Online students can put another anxiety to rest: like the rest of the coursework, the dissertation process can be completed remotely and entirely online, including the proposal review and the dissertation defense.
What is it like to complete an online dissertation? The information below will give you an idea of what to expect when completing your doctoral dissertation online.
Start thinking about your dissertation topic as soon as you enter the program. You begin tailoring your coursework to deepen your knowledge about your dissertation topic as early as your literature review, so the sooner you know the topic you are interested in, the sooner you can begin preparing.
Beginning your dissertation may seem overwhelming, but Drexel’s program eases you into the process. You will take multiple research courses over the span of your program, and the work you do in these courses supports the development of your dissertation.
You will be assigned your supervising professor and your dissertation committee. Your supervising professor will be with you every step of the way and will support you during the dissertation process. Call them, Skype them, email them, meet them in person – they will work with you to support your research and your development as a scholarly practitioner. You will also be assigned a dissertation committee that will review your work. Each committee member brings a strong level of expertise to your topic.
You will finesse the first three chapters of your dissertation before you defend your proposal. You will present your proposal to your committee online via a virtual meeting room. Your dissertation committee will review your work and offer feedback. When it is deemed ready, your proposal is accepted and, with your coursework completed, you will move from being a doctoral student to a doctoral candidate – your next steps are to conduct your research and defend your dissertation.
Once your proposal is approved, it is time to focus on conducting the research that is the basis for your dissertation. You will receive Drexel's Institutional Research Board’s approval, then you will collect and analyze your data. Based on the data that emerges and your findings, you will complete the dissertation process. (Remember, your supervising professor is there to guide your work.)
Here is a breakdown of what your dissertation will include:
Chapter 1: Introducing the problem of practice you have chosen to study
Chapter 2: Literature review (remember, you have done some of this in quarter two!)
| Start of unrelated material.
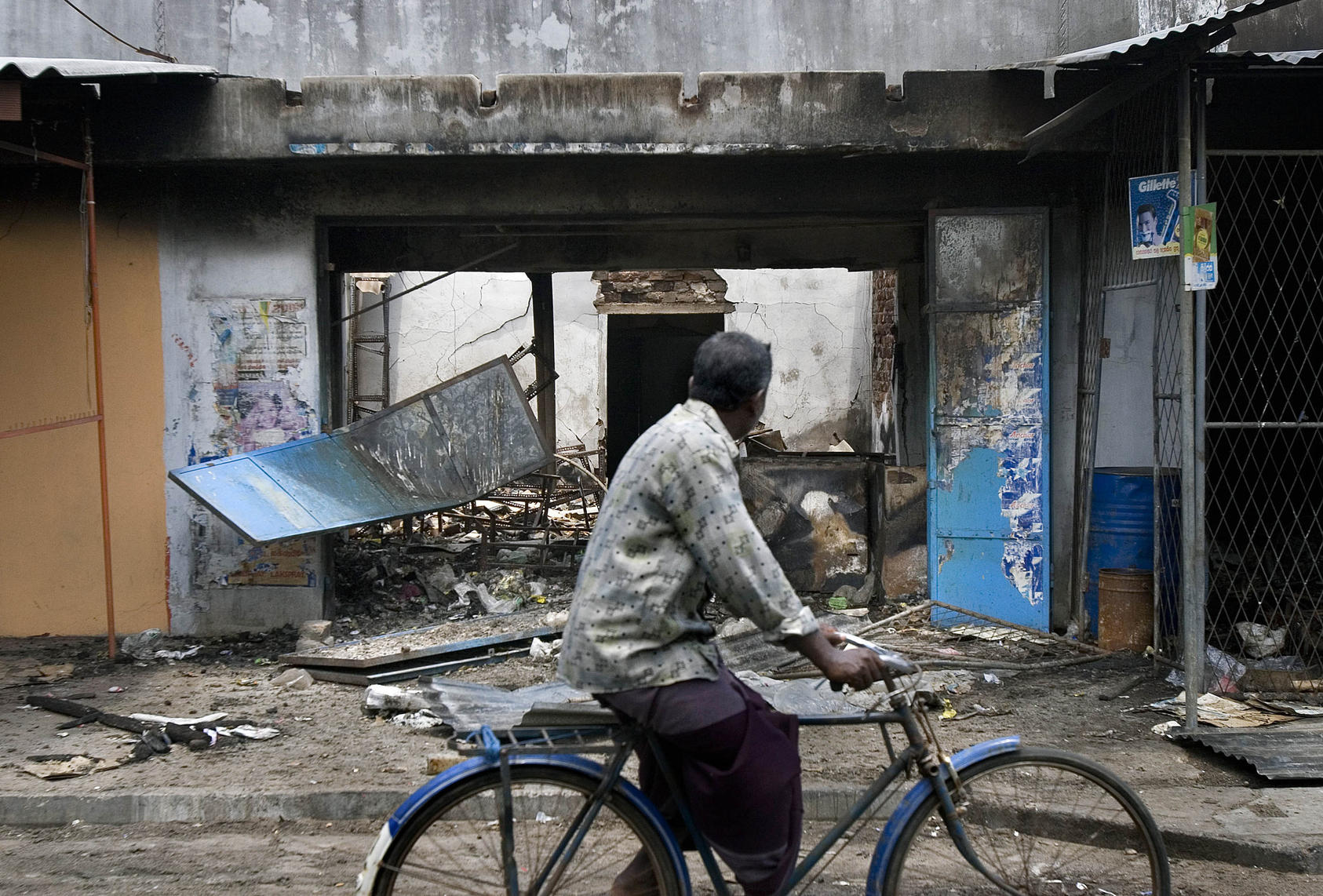 A man bicycles on May 7th, 2006, past Tamil-owned stores that were set ablaze by a Sinhalese mob in Trincomalee, Sri Lanka. April was the bloodiest month since the government and the separatist Liberation Tigers of Tamil Eelam signed a cease-fire in February 2002 that was supposed to end nearly two decades of killing here.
Chapter 3: The methodology you used to research the problem
Chapter 4: What you learned from your data and how it relates to existing research
Chapter 5: An executive summary that offers the conclusions and recommendations to inform and resolve the problem
This is it! Just like with your proposal review, you will defend your dissertation via a virtual meeting with your full committee. Once you have finished the presentation of your research, your committee will let you know what further changes are requested during the virtual meeting. Try not to worry too much about being unprepared; your supervising professor will work with you to determine when you are ready to go to the committee and present your work. The goal is that you emerge ready to celebrate your success.